- Directions
The answer is the first line of the listing and every line after it through the one containing "May include: A", exact, with pictures removed.

- Given information
*** Block opens ***

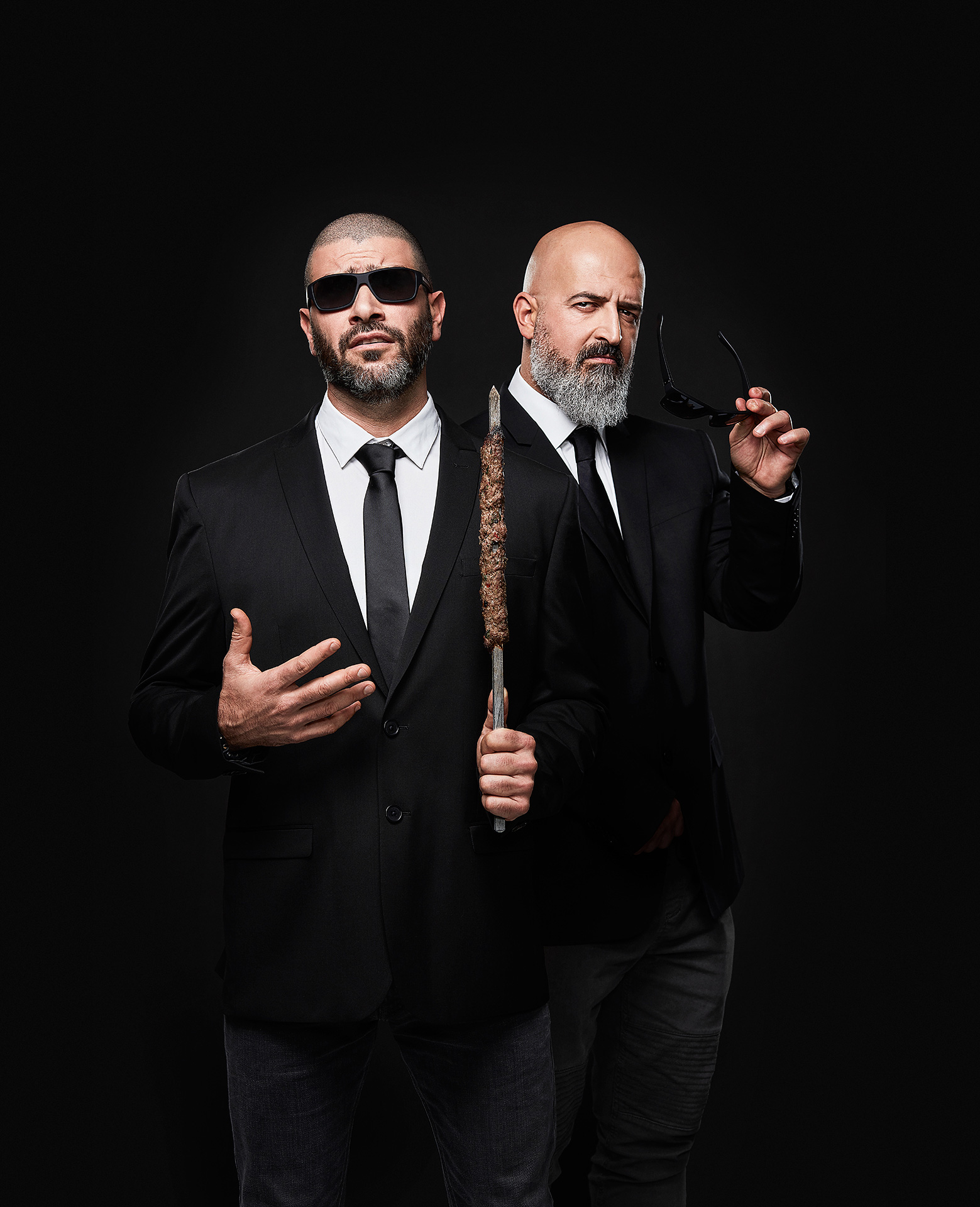 portrait of chefs Charbel Yazbeck and Akram Sleiman posing in a Men in Black Fashin wearing sunglasses looking badass by Jocelyn Michel for the Cathcart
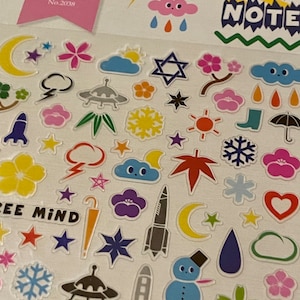 May include: A sheet of colorful stickers with various designs, including stars, clouds, hearts, snowflakes, rockets, and a snowman. The stickers are on a white background and have a glossy finish. The text "Space Note" is printed in black on a blue background at the top of the sheet.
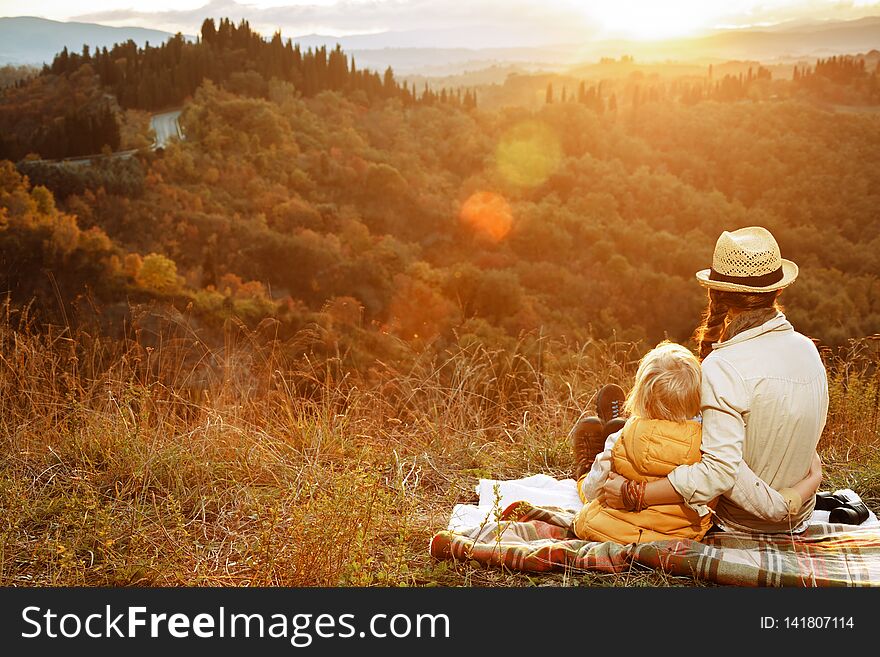 Seen from behind young mother and child hikers in the front of scenery of Tuscany on the sunset looking into the distance while sitting on blanket. Seen from behind young mother and child hikers in the front of scenery of Tuscany on the sunset looking into the distance while sitting on blanket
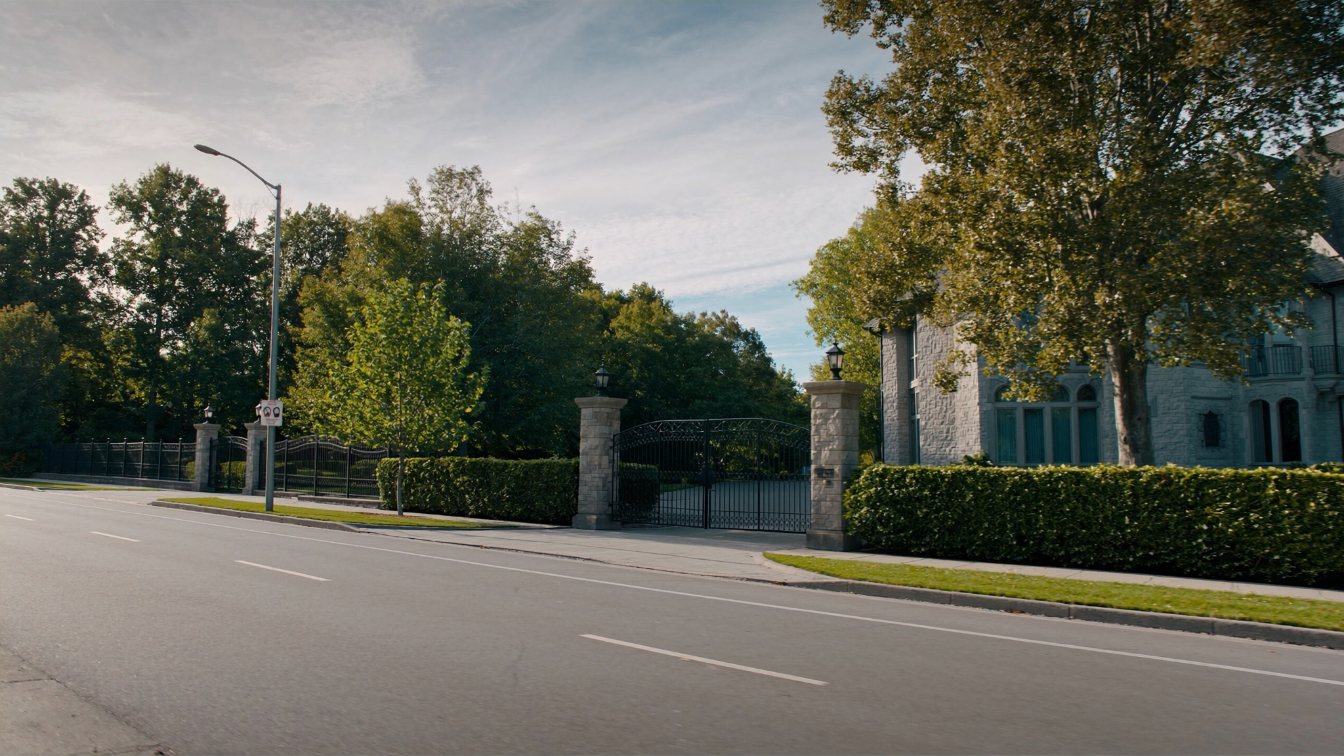 A large limestone detached house in Toronto set behind a low stone wall and mature garden (illustrative)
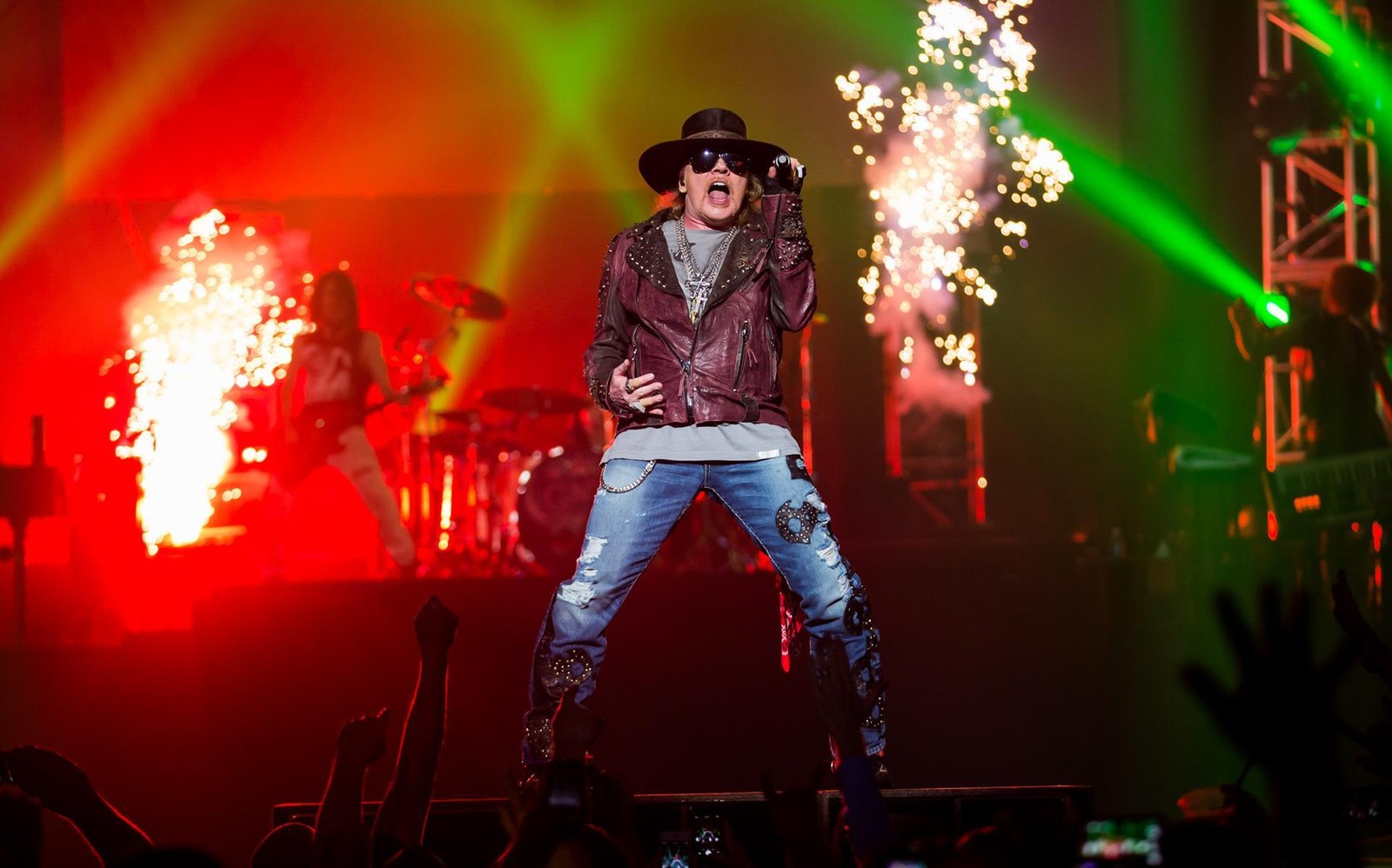 Araffes, a man in a hat and sunglasses, is singing on stage (rock concert, musician, guns n roses, guitarist, musical ensemble)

*** Block closes ***

- Expected answer
 portrait of chefs Charbel Yazbeck and Akram Sleiman posing in a Men in Black Fashin wearing sunglasses looking badass by Jocelyn Michel for the Cathcart
 May include: A sheet of colorful stickers with various designs, including stars, clouds, hearts, snowflakes, rockets, and a snowman. The stickers are on a white background and have a glossy finish. The text "Space Note" is printed in black on a blue background at the top of the sheet.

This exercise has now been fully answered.